On another still morning we left Inverewe for our next destination: Kinlochewe.
The A832 crosses the River Ewe and continues south past Loch Tollaidh. At Strath we turned onto the B8021 which continues around the west side of the peninsula all the way to Melvaig. Our stop was Big Sand which is part way along the road. We parked up and had a good walk along the length of the large beach and back.
This is one of two dead jellyfish I found
and one dead starfish.
Longa Island sits offshore here.
After meeting a dog walker on the very quiet beach we had a long and very interesting conversation. Eventually we headed back to Gairloch where we had a coffee at the Gale Café and gift shop which is a community-run initiative. Next door is the farm shop which has a wide variety of products. There are views over the bay.
Strath was once the heart of the crofting community. There was a meal mill which fed them for 300 years, a blacksmith and a boat builder who served the cod fishing industry. In the 1840 potato famine the community was devastated. On 15 July 1842 215 people left Gairloch for Cape Breton Island in Canada. A town called New Gairloch had been previously been founded in 1805 in Nova Scotia. A little further along from the café is the War Memorial where there is a viewpoint over the bay
and the surrounding area.
The road continues on past a pier and Charlestown before running through Glen Kerry. We turned off to Badachro so that I could photograph the small distillery for James. They make single malt whisky, gin and vodka and there is an onsite shop.
Badachro also has a hotel and a kayak and canoe hire business. Back on the A832 we passed another hydroelectric scheme and near the dam some major road improvement works. The road then descends to Loch Maree through the Slatterdale Forest and then down to the shore. Much of the shore is hidden by trees but at one car park I managed to peek through them.

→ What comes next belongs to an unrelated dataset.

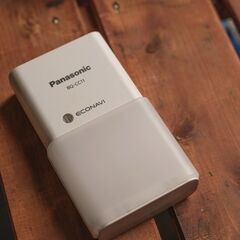 ★エネループ／エボルタ単3形･単4形 急速充電器 Panason...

Loch Maree used to be called Loch Ewe which explains how Kinlochewe got its name. In the 17th century it was renamed in memory of Saint Maolrubbha who brought Christianity to the area and had a cell on Isle Maree. The northeast of the area was once a centre for the iron-smelting industry. It relied on charcoal which used up vast quantities of wood which destroyed much of the local Caledonian Pine Forest. Similar things happened elsewhere and now there are only 35 small remnants in the Highlands. A lot of the surrounding area near Kinlochewe is now part of the Beinn Eighe National Nature Reserve. After we had settled into the campsite, we had a wander around the village. It sits astride the Kinlochewe River
and although we had had some sunshine the mountains were still covered in cloud.